What changed? Let’s start with our first reading, from the Acts of the Apostles. St. Peter’s speech is from another momentous day in Christianity: the baptism of Cornelius and his household, the first family of Gentiles to become Christians. The Book of Acts makes a big deal about this event by explaining it in detail, with repetitions, and with multiple revelations from the Holy Spirit. Peter’s speech begins, “In truth, I see that God shows no partiality.” Our reading from Colossians says that Easter should prompt us to “seek what is above, where Christ is seated at the right hand of God.” Christians quickly saw Jesus’ resurrection as the fulfillment of Psalm 118’s declarations, “I shall not die, but live” and “the stone which the builders rejected has become the corner stone.”

And then there’s today’s gospel passage, one of the few in the church lectionary that does not include an appearance by Jesus. It features three people who are unconventional: Mary of Magdala, Peter, and “the beloved disciple.” It was extremely rare for a woman to be identified by the town of her birth, which seems to indicate that Mary of Magdala had achieved some kind of independence in a patriarchal society. Peter was a fisherman, likely uneducated, who stuck out in the big bad city of Jerusalem because of his Galilean accent… and he couldn’t keep his mouth shut. 

And “the beloved disciple”? Well, most people think that he is John the Evangelist, who may have been quite young when he abandoned his father’s business to join Jesus’ inner circle of wandering disciples. But there’s another theory on who the beloved disciple is, the theory that I prefer. There is only one person in the Gospel of John that people remark on how much Jesus loved him. And this person was uniquely qualified to make sense of the arrangement of burial cloths, as someone who had recently been raised from the dead himself. It’s Lazarus.

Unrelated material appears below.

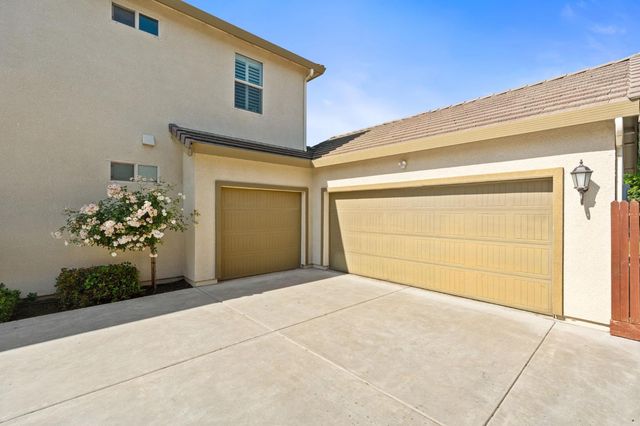 2868 Graybark Avenue, Clovis, CA 93619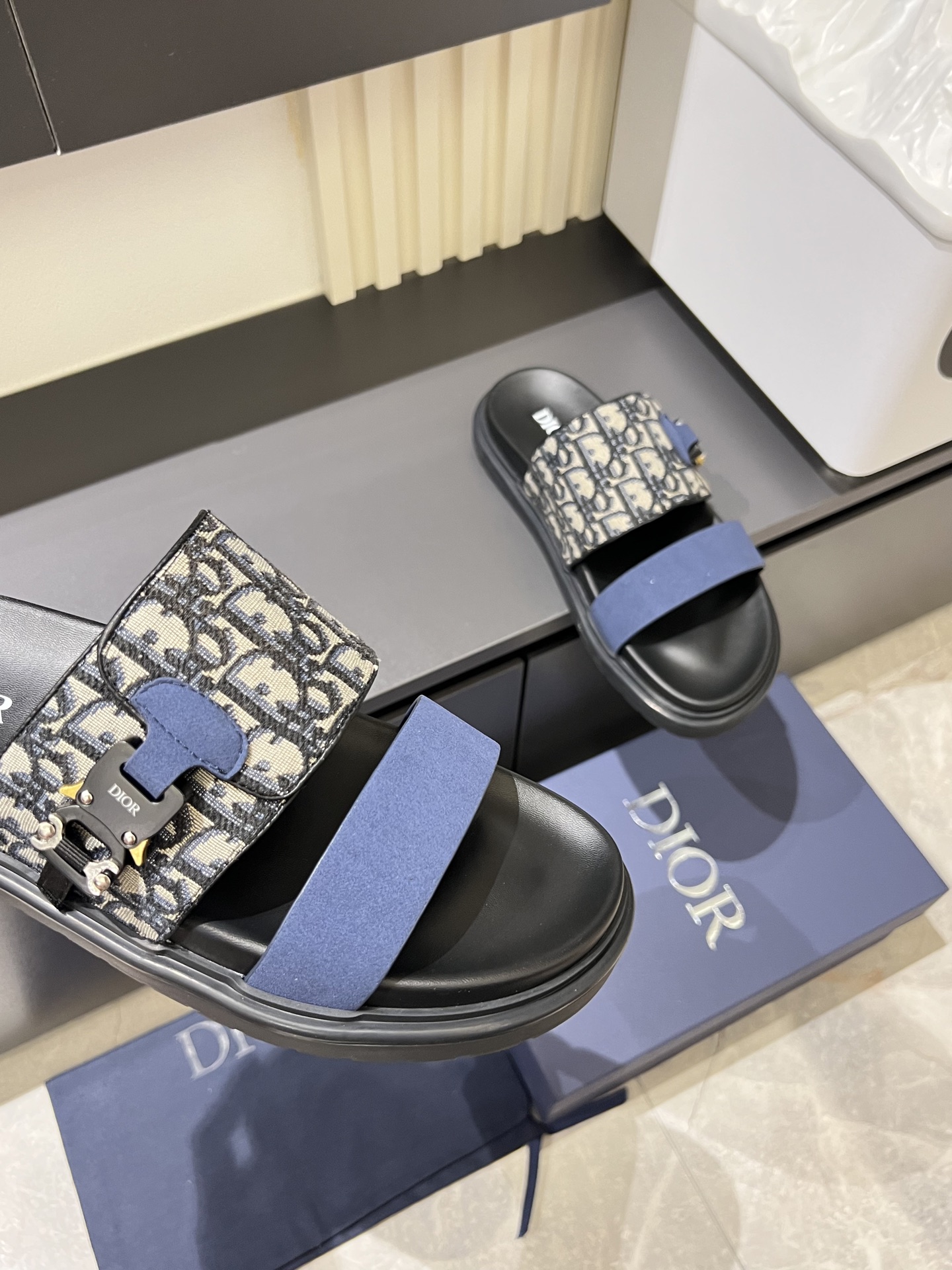 Dior shoe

So the three disciples at the center of our gospel passage share some interesting characteristics with Jesus. Like Jesus, Mary of Magdala exercised unexpected authority in a patriarchal, hierarchical, persecuted ethnic group. Like Jesus, Peter was an outsider who received divine revelations and eventually led the fledgling religious movement that is miraculously still with us nearly 2,000 years later. And like Jesus, Lazarus literally died, but that wasn’t the end of his story, either. In truth, we can see that God shows no partiality. The stone which the builders rejected has become the corner stone. 

So what changed on Easter Sunday? Once and for all, we now know that God wins in the end. Jesus Christ triumphed over political and religious injustices. Jesus Christ triumphed over sin and death. And those whom Jesus brought closest to himself – even if they didn’t fit in with the larger society – they were eventually empowered by the Holy Spirit to accomplish great things in building the kingdom of God. We are to seek what is above, where Christ is seated at the right hand of God. And then we, through the life of Jesus Christ crucified and the guidance of the Holy Spirit, we will triumph over political and religious injustices. We will triumph over sin and death. We will accomplish great things in building the kingdom of God.

This year, we, like Peter and the beloved disciple, emerge from the empty tomb still fearful of injustice, illness, and death all around us. But we also emerge with hope, a hope that has been buffeted these past twelve months by the harsh realities of life, but a hope that still endures. It has been burnished in the refiner’s fire. 

Our new hope recognizes that peace is not the absence of conflict, but the internal confidence that we are loved by God no matter what. Our new hope empowers us to build God’s kingdom with a central role for those whom society has rejected. Our new hope knows that even if we die, we shall live forever. 

St. John tells us that Jesus rose on the first day of the week, making an explicit parallel with the original creation in the Book of Genesis. But God isn’t intending for us to start over today with a blank slate. Let us pray that we have learned from the crosses we continue to carry. Let us pray that we are no longer naïve. Let us set off again, better equipped by the Holy Spirit for the journey ahead.